Despite the economic implosion continuing to shake the post-Soviet sphere — as well as the new offshore leaks ringing both Russia and Kazakhstan’s leadership — the Moscow-led Eurasian Economic Union continues to limp on. Kazakhstani President Nursultan Nazarbayev recently insisted, contra Moscow, that the EEU remains purely economic. The EEU — and the grand plans entailed — may have largely dropped from Russian President Vladimir Putin’s rhetoric, but the group’s inertia continues, with regional officials offering lip-service to the grouping.
To wit, earlier this month Kyrgyz Deputy Prime Minister Oleg Pankratov floated the notion that his country would be interested in further EEU integration. As TASS related, Pankratov noted that Bishkek “is interested in taking part on the common energy market” in the Eurasian Economic Union, and exploring how the organization could allow Kyrgyzstan to “create conditions for the export of electricity.” As he added, “This is one of the most promising areas for our country.”
Pankratov’s rhetoric represents a surprisingly rosy outlook from Bishkek about the EEU’s opportunities moving forward. Just a few weeks back, as The Diplomat’s Catherine Putz noted, Pankratov had opined that “there is no alternative to the union.” When it comes to energy transit, however, Bishkek appears to be all ears.

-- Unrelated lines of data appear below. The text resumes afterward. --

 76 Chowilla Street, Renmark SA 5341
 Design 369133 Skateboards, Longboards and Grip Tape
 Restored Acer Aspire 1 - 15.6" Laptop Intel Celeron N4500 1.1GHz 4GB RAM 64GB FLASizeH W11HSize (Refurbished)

Such a shift is perhaps less surprising, however, when viewed in light of the electricity issues that kicked off Kyrgyzstan’s year. Instead of acting as one of the linchpins of the CASA-1000 energy project, which would have seen Kyrgyzstan transit excess electricity southward, Bishkek has been forced to sign agreements on importing electricity from Kazakhstan — as well as deal with the fact that the country’s primary energy engine has begun showing its age. As RFE/RL’s Bruce Pannier recently wrote, Kyrgyzstan’s “main source of power — the Toktogul Reservoir and hydropower plant (HPP)- – had just shut down three of its four turbines for several days [at the beginning of the year]. An inspection determined the HPP was simply old and needed repair and upgrades.”
The search for external hydropower investors — in light of Moscow’s pullback — also continues, largely fruitlessly. As TASS added, though, Pankratov claimed that closer union within the EEU common energy market “will also attract significant investment for the construction of new generating capacity.”

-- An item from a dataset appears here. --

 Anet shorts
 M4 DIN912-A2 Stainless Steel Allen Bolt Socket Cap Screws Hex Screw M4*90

Unfortunately for Bishkek, such a market, at least for electricity, will not come online until at least 2019. Likewise, as the German Institute for International and Security Affairs recently found, “Since Soviet times today’s EEU members have been connected by a shared transmission grid. But this network needs to be further expanded and above all comprehensively modernized.” As with most aspects of the EEU, any potential benefit Kyrgyzstan may accrue from the EEU’s common energy market remains heavy on rhetoric, but with a heap of questions — and investors who remain purely theoretical — to follow.